I think there's as many answers as there are people on this board.
Many of us have been doing this for years and decades (I started my 'hobby' back in July 1992) so that's some 31 years of taping. I've owned practically every set of small mic that exists out there (from AIWA and Sony Lapel/Tie Mics, to Core Sounds Binaurals and Giant Squid Audio Labs (yes, those pieces of crap), to Sound Professionals CMC-4's and CMC-8's, to Church Audio CA-10, CA-11 and CA-14's, to DPA 4061's to capsules with actives (AKG CK61 and CK63 with Naiant Actives and nBob Actives as well as Schoeps MK41 and MK22's with Naiant Actives). All sorts of battery box / preamp / etc. solutions as well. I also own Line Audio CM3 subcards. For recorders, I've owned everything from Analog Walkmans, to Sony Pro Walkmans, to Portable DAT machines, MiniDisc Recorders and Digitial Recorders (Edirol/Roland R-09, Sony M10, Tascam DR-2D, Sony A10 and then larger XLR based recorders including a Tascam DR-60D, DR-70D, DR-701D, Zoom F4 and currently run a Sound Devices MixPre-6 II (and am not looking to move from that as it does everything I need it to do and has yet to fail me).
Is one set of mics 'better' than another - you bet. Is the price difference between Line Audio and Schoeps worth it? That's going to be up to you. To give you an idea, I've had the best mics available to me (Schopes MK41's) that had to be located by the soundboard at one venue which sounds like crap by that point and have used my Church Audio CA-14's with Ugly Battery Box in the sweet spot, and I'll take the Church Audio CA-14 recording EVERY time. The best mics weren't in the best spot.

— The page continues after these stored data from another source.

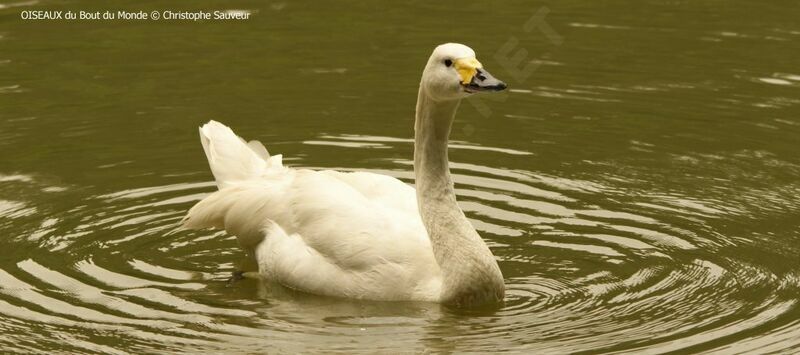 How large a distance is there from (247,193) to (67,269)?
1437mm

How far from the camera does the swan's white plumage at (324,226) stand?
36.4ft

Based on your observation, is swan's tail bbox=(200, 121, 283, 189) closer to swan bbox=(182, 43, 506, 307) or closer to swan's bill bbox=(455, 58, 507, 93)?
swan bbox=(182, 43, 506, 307)

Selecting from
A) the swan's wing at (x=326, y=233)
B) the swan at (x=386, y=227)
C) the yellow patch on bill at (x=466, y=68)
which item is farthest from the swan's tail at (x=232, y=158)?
the yellow patch on bill at (x=466, y=68)

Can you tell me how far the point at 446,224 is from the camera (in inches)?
440

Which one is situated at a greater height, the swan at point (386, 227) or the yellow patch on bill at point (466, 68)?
the yellow patch on bill at point (466, 68)

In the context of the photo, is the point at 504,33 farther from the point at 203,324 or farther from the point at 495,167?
the point at 203,324

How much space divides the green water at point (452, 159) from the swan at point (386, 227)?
0.59ft

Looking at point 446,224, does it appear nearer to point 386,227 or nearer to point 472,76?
point 386,227

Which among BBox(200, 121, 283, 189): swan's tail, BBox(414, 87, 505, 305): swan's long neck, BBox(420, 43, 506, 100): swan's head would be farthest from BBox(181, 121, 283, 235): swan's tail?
BBox(420, 43, 506, 100): swan's head

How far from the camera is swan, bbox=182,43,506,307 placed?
10953 mm

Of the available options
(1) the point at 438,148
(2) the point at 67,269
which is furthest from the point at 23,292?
(1) the point at 438,148

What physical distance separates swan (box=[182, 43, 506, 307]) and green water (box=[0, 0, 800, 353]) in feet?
0.59

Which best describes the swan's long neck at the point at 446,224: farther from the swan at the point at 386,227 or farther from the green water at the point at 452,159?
the green water at the point at 452,159

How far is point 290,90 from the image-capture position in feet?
55.2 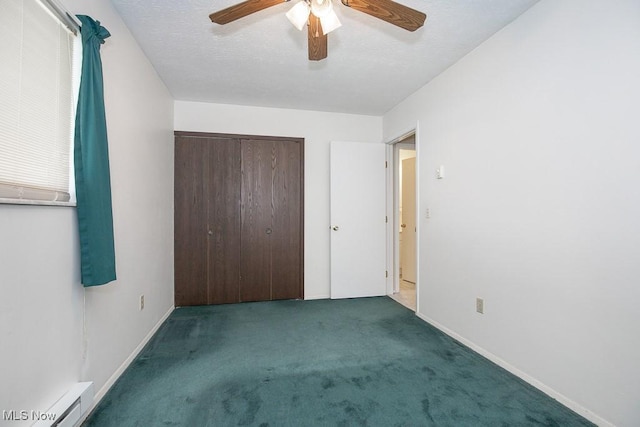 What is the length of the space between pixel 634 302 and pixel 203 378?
2.46 m

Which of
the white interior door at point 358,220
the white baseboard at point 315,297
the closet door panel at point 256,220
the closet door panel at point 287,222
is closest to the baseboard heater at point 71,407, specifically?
the closet door panel at point 256,220

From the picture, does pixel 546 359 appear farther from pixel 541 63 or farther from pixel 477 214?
pixel 541 63

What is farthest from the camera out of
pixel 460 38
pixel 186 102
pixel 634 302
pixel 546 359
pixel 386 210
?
pixel 386 210

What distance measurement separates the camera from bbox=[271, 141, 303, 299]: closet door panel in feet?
12.1

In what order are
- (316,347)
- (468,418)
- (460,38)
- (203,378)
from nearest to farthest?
(468,418), (203,378), (460,38), (316,347)

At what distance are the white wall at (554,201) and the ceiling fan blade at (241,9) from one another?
1.65 metres

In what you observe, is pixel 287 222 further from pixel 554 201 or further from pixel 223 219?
pixel 554 201

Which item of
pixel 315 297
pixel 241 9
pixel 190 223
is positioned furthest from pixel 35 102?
pixel 315 297

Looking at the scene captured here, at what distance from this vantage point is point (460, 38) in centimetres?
221

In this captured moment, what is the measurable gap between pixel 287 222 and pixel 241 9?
2.55m

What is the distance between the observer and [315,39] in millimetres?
1678

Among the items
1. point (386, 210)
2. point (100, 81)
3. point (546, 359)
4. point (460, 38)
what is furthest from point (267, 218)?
point (546, 359)

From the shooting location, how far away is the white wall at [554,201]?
1.42m

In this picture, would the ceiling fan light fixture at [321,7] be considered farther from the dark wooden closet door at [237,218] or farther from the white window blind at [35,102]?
the dark wooden closet door at [237,218] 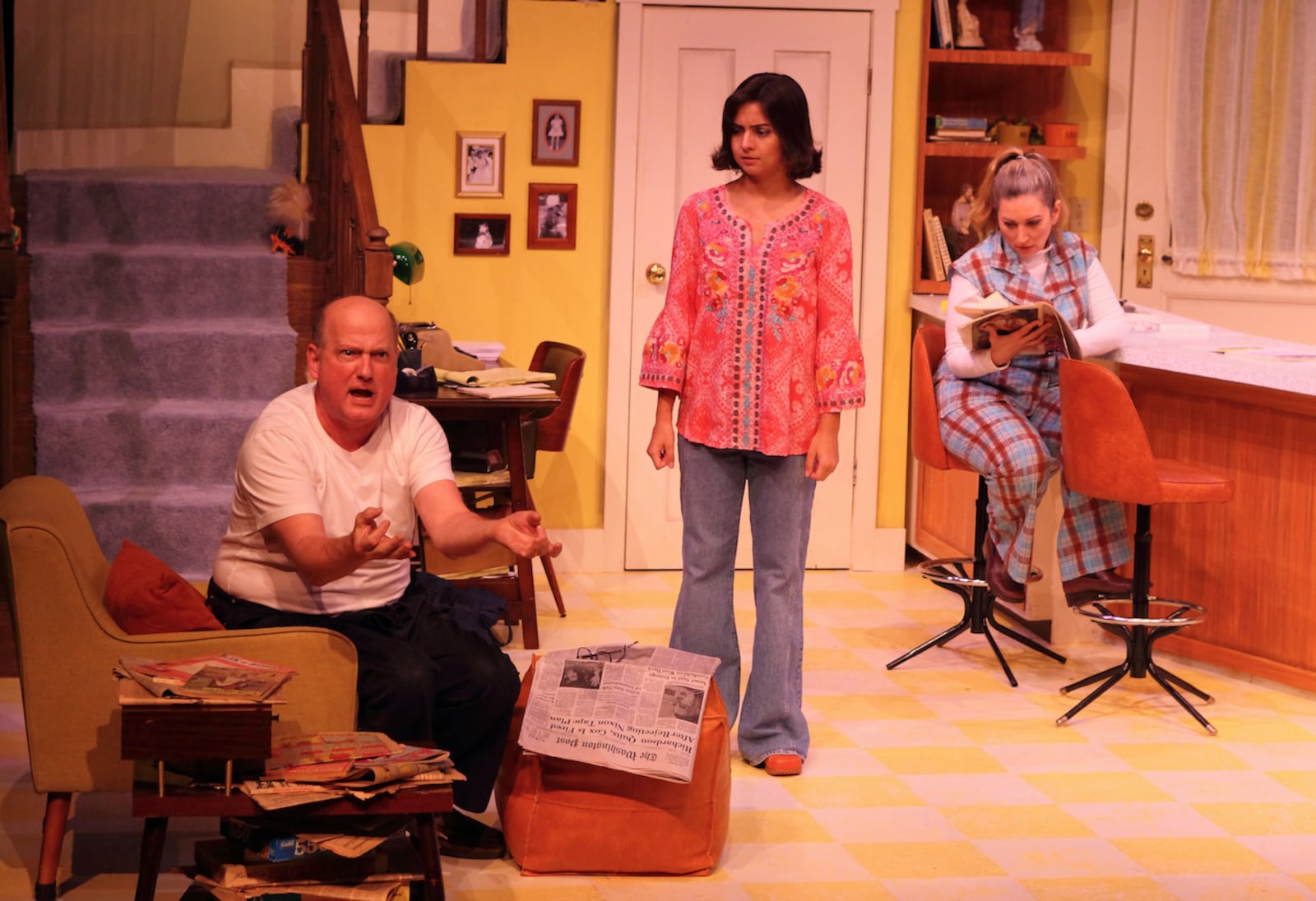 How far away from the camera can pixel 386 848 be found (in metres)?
3.00

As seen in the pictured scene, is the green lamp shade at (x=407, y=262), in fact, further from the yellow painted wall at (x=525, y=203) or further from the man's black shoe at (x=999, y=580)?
the man's black shoe at (x=999, y=580)

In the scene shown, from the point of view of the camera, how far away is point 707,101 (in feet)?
20.6

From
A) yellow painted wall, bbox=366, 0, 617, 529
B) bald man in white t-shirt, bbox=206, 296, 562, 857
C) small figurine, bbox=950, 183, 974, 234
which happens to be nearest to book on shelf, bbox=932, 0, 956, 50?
small figurine, bbox=950, 183, 974, 234

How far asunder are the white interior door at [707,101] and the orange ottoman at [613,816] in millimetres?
3065

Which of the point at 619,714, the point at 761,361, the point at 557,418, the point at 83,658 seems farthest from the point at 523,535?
the point at 557,418

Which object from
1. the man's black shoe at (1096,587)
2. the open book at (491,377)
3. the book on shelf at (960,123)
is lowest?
the man's black shoe at (1096,587)

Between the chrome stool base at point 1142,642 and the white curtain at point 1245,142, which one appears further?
the white curtain at point 1245,142

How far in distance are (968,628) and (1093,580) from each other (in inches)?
20.4

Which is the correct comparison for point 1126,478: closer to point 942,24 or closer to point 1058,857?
point 1058,857

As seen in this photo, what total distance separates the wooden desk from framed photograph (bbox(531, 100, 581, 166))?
1.36 metres

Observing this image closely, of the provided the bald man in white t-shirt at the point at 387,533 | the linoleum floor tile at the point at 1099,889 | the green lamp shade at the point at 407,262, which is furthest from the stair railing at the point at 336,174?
the linoleum floor tile at the point at 1099,889

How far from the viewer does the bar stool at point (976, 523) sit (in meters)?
4.85

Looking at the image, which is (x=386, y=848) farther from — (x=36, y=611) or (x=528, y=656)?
(x=528, y=656)

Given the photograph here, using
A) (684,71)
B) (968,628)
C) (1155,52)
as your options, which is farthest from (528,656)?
(1155,52) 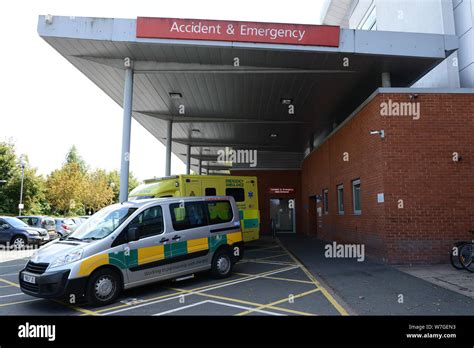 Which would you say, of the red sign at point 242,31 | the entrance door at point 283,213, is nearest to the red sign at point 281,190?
the entrance door at point 283,213

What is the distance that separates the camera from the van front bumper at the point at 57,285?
6156 mm

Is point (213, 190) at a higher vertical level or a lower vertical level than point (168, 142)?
Answer: lower

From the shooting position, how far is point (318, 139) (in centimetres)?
2277

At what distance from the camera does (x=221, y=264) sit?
8.98 m

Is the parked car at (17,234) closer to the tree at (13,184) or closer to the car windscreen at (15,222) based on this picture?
the car windscreen at (15,222)

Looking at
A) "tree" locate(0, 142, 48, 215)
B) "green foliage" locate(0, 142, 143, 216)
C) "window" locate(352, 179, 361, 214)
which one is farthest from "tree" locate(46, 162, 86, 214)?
"window" locate(352, 179, 361, 214)

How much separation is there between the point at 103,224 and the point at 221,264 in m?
3.05

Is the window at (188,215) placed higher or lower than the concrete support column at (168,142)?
lower

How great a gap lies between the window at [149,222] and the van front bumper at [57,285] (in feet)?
4.63

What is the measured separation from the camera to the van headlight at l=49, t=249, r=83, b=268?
6340 millimetres

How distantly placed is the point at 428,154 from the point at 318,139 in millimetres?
12464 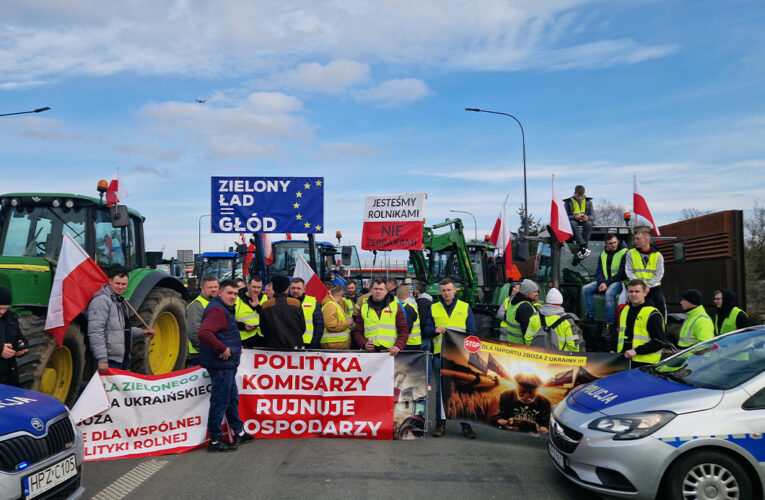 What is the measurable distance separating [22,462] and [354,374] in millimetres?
3890

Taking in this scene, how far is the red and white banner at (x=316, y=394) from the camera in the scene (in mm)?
7121

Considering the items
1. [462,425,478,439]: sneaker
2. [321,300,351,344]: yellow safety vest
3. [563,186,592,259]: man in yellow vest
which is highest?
[563,186,592,259]: man in yellow vest

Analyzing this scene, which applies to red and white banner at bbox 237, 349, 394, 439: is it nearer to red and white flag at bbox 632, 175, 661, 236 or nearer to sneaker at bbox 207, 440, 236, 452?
sneaker at bbox 207, 440, 236, 452

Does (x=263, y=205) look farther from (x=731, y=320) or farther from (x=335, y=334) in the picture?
(x=731, y=320)

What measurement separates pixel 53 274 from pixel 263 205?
4234 millimetres

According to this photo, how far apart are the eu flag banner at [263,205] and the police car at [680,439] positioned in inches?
275

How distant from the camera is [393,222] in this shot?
16203 mm

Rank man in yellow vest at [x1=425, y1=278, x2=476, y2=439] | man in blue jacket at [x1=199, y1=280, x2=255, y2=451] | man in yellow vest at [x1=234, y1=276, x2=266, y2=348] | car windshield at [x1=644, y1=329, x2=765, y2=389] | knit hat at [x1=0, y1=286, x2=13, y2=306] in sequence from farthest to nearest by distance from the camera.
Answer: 1. man in yellow vest at [x1=234, y1=276, x2=266, y2=348]
2. man in yellow vest at [x1=425, y1=278, x2=476, y2=439]
3. man in blue jacket at [x1=199, y1=280, x2=255, y2=451]
4. knit hat at [x1=0, y1=286, x2=13, y2=306]
5. car windshield at [x1=644, y1=329, x2=765, y2=389]

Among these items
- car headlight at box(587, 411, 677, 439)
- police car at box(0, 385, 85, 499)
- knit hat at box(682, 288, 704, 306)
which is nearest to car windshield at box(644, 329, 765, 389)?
car headlight at box(587, 411, 677, 439)

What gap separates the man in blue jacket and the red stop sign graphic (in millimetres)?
2596

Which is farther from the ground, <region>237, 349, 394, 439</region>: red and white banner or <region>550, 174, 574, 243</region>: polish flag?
<region>550, 174, 574, 243</region>: polish flag

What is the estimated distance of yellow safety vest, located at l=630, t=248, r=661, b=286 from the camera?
27.7 feet

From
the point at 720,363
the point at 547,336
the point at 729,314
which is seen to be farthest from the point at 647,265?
the point at 720,363

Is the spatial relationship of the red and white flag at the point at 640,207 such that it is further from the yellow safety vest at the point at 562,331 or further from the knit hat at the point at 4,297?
the knit hat at the point at 4,297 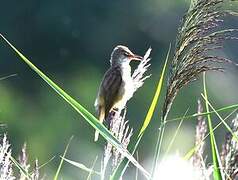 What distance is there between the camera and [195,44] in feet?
7.80

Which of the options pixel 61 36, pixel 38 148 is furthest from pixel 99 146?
pixel 61 36

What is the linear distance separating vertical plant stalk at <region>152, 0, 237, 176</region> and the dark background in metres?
14.4

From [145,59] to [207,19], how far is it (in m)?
0.58

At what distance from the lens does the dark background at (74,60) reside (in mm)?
18188

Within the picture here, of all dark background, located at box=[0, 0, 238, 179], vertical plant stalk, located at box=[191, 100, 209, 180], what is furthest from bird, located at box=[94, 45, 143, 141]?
dark background, located at box=[0, 0, 238, 179]

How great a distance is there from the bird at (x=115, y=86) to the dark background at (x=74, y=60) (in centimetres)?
1108

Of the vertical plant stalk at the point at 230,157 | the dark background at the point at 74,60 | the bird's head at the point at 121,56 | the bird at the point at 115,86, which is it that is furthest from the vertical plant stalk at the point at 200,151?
the dark background at the point at 74,60

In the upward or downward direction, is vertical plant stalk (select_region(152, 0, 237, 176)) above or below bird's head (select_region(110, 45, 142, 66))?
above

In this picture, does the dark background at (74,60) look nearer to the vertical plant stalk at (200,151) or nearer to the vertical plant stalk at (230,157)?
the vertical plant stalk at (200,151)

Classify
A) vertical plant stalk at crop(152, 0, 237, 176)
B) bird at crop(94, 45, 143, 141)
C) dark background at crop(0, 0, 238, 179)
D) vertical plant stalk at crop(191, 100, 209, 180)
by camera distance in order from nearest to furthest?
vertical plant stalk at crop(152, 0, 237, 176) → vertical plant stalk at crop(191, 100, 209, 180) → bird at crop(94, 45, 143, 141) → dark background at crop(0, 0, 238, 179)

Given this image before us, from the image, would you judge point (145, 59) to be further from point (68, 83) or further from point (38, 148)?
point (68, 83)

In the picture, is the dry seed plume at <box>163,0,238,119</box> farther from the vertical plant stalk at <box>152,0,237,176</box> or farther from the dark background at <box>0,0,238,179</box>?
the dark background at <box>0,0,238,179</box>

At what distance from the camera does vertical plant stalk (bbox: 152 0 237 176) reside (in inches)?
92.7

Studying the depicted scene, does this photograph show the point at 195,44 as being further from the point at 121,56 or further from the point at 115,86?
the point at 121,56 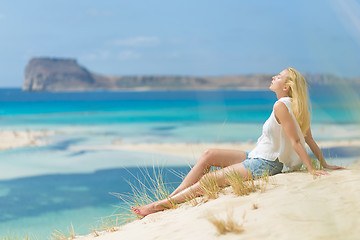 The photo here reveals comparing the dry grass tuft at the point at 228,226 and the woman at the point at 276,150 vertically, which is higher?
the woman at the point at 276,150

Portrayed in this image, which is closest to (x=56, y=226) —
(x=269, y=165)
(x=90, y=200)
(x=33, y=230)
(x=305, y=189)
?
(x=33, y=230)

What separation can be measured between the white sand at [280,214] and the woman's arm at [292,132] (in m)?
0.14

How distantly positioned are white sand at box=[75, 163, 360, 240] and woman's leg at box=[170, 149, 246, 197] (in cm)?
23

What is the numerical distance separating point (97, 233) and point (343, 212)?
2.13m

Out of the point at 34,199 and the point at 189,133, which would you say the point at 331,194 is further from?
the point at 189,133

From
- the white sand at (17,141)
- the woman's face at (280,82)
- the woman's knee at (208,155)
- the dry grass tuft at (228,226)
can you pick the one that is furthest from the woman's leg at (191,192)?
the white sand at (17,141)

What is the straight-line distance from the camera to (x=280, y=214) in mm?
2520

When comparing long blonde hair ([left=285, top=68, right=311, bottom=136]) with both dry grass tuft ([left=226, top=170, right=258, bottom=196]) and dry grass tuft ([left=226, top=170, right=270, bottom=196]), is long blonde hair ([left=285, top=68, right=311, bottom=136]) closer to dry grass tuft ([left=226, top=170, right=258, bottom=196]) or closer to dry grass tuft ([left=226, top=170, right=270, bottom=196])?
dry grass tuft ([left=226, top=170, right=270, bottom=196])

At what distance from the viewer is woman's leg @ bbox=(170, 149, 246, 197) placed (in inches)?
137

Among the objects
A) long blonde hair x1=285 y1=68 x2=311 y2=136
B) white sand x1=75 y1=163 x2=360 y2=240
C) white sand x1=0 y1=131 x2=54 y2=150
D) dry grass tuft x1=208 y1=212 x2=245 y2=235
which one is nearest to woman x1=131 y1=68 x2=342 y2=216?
long blonde hair x1=285 y1=68 x2=311 y2=136

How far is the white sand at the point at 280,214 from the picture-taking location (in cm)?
221

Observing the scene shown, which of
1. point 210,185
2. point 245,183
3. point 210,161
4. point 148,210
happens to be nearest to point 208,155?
point 210,161

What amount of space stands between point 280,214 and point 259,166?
864mm

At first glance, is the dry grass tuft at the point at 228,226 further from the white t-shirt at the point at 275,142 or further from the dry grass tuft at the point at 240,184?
the white t-shirt at the point at 275,142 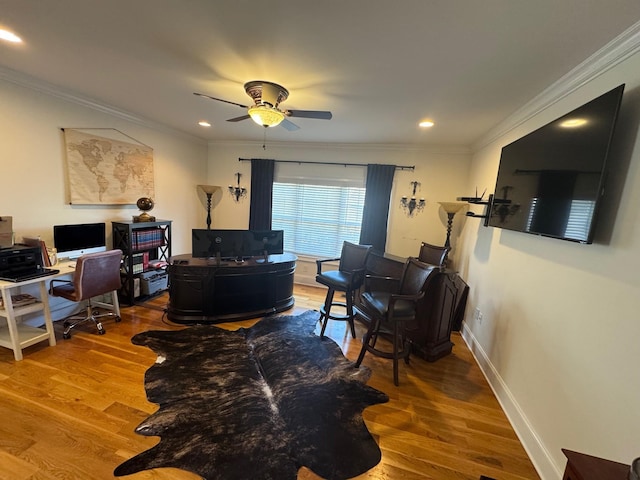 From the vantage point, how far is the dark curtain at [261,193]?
16.3 feet

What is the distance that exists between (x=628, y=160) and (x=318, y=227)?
412cm

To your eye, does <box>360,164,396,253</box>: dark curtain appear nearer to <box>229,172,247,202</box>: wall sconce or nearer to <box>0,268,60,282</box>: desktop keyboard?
<box>229,172,247,202</box>: wall sconce

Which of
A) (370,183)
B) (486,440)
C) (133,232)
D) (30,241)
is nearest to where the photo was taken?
(486,440)

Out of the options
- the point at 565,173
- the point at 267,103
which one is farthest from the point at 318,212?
the point at 565,173

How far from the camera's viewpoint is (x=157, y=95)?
2.88 m

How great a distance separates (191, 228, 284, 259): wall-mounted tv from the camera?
3414mm

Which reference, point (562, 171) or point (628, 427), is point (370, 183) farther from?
point (628, 427)

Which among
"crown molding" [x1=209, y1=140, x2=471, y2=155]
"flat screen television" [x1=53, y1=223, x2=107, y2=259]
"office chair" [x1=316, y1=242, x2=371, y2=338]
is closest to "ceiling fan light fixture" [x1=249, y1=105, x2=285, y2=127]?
"office chair" [x1=316, y1=242, x2=371, y2=338]

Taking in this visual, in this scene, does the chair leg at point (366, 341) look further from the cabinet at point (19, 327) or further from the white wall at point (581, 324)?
the cabinet at point (19, 327)

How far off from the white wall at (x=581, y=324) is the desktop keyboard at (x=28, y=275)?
13.9ft

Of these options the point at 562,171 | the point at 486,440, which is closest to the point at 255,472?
the point at 486,440

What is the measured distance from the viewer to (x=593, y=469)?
36.0 inches

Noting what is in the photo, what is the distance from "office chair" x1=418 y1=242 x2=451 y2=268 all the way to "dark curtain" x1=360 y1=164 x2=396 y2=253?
33.4 inches

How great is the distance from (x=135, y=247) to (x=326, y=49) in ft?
11.5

Now, all things being equal, if the soundboard area is the sweet spot -- then most definitely by the best mics you can get. Do you need Schoeps? Most likely not. Will the bug get you at some point down the road and will you to upgrade -- quite possibly. For me, I stuck with my CK63 nBob Actives because the financial outlay was more reasonable than the MK41's (about US$800-1K difference). The CK63's sound great to me in most of my captures (I just used them a few nights ago in a not-so open environment and they sounded good for what it was). If you're able to get a board feed and then are mixing that feed with your mics, the mics won't matter as much as the location of where they are (again, sweet spot versus being stuck at a board). If you're simply capturing room tone, and you're forced to be at the board area, then it'll depend on what it sounds like back there.
Berliner CM33's are good... Line Audio puts out some good, affordable, product.
Welcome to your journey down the rabbit hole.